> **YOUR ASSIGNMENT**: Write out each record a second time, exactly.

(Saved entries)
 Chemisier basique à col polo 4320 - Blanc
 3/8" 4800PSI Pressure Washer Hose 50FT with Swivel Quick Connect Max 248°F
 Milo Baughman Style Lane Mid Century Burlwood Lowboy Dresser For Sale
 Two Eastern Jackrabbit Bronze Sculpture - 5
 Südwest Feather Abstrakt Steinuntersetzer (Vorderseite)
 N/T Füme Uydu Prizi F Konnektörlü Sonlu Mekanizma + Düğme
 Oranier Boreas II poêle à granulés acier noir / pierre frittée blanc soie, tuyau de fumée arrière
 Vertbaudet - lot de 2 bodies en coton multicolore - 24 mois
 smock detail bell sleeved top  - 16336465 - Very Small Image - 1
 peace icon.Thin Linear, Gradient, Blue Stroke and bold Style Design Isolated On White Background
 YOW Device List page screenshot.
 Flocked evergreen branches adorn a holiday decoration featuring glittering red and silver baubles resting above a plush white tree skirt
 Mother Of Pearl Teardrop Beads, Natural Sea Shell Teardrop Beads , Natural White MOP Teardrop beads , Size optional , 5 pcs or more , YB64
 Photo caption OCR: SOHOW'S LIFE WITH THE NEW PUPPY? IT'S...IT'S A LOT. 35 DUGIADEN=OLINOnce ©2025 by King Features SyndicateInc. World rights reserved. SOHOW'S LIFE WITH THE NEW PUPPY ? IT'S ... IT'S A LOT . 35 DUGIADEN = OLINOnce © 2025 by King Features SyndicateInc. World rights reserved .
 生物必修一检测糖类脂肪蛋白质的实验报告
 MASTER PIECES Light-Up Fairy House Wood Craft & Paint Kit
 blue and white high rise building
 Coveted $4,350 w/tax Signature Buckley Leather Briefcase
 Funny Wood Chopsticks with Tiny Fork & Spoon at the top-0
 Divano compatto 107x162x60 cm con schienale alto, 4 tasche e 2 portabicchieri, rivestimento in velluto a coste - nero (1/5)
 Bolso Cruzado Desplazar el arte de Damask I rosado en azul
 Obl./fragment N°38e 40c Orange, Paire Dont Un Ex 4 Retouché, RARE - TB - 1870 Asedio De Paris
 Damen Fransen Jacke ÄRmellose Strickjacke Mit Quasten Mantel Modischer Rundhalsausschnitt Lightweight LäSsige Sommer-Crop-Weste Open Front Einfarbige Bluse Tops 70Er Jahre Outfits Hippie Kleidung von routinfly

> **ANSWER TO THIS EXERCISE**:
 Chemisier basique à col polo 4320 - Blanc
 3/8" 4800PSI Pressure Washer Hose 50FT with Swivel Quick Connect Max 248°F
 Milo Baughman Style Lane Mid Century Burlwood Lowboy Dresser For Sale
 Two Eastern Jackrabbit Bronze Sculpture - 5
 Südwest Feather Abstrakt Steinuntersetzer (Vorderseite)
 N/T Füme Uydu Prizi F Konnektörlü Sonlu Mekanizma + Düğme
 Oranier Boreas II poêle à granulés acier noir / pierre frittée blanc soie, tuyau de fumée arrière
 Vertbaudet - lot de 2 bodies en coton multicolore - 24 mois
 smock detail bell sleeved top  - 16336465 - Very Small Image - 1
 peace icon.Thin Linear, Gradient, Blue Stroke and bold Style Design Isolated On White Background
 YOW Device List page screenshot.
 Flocked evergreen branches adorn a holiday decoration featuring glittering red and silver baubles resting above a plush white tree skirt
 Mother Of Pearl Teardrop Beads, Natural Sea Shell Teardrop Beads , Natural White MOP Teardrop beads , Size optional , 5 pcs or more , YB64
 Photo caption OCR: SOHOW'S LIFE WITH THE NEW PUPPY? IT'S...IT'S A LOT. 35 DUGIADEN=OLINOnce ©2025 by King Features SyndicateInc. World rights reserved. SOHOW'S LIFE WITH THE NEW PUPPY ? IT'S ... IT'S A LOT . 35 DUGIADEN = OLINOnce © 2025 by King Features SyndicateInc. World rights reserved .
 生物必修一检测糖类脂肪蛋白质的实验报告
 MASTER PIECES Light-Up Fairy House Wood Craft & Paint Kit
 blue and white high rise building
 Coveted $4,350 w/tax Signature Buckley Leather Briefcase
 Funny Wood Chopsticks with Tiny Fork & Spoon at the top-0
 Divano compatto 107x162x60 cm con schienale alto, 4 tasche e 2 portabicchieri, rivestimento in velluto a coste - nero (1/5)
 Bolso Cruzado Desplazar el arte de Damask I rosado en azul
 Obl./fragment N°38e 40c Orange, Paire Dont Un Ex 4 Retouché, RARE - TB - 1870 Asedio De Paris
 Damen Fransen Jacke ÄRmellose Strickjacke Mit Quasten Mantel Modischer Rundhalsausschnitt Lightweight LäSsige Sommer-Crop-Weste Open Front Einfarbige Bluse Tops 70Er Jahre Outfits Hippie Kleidung von routinfly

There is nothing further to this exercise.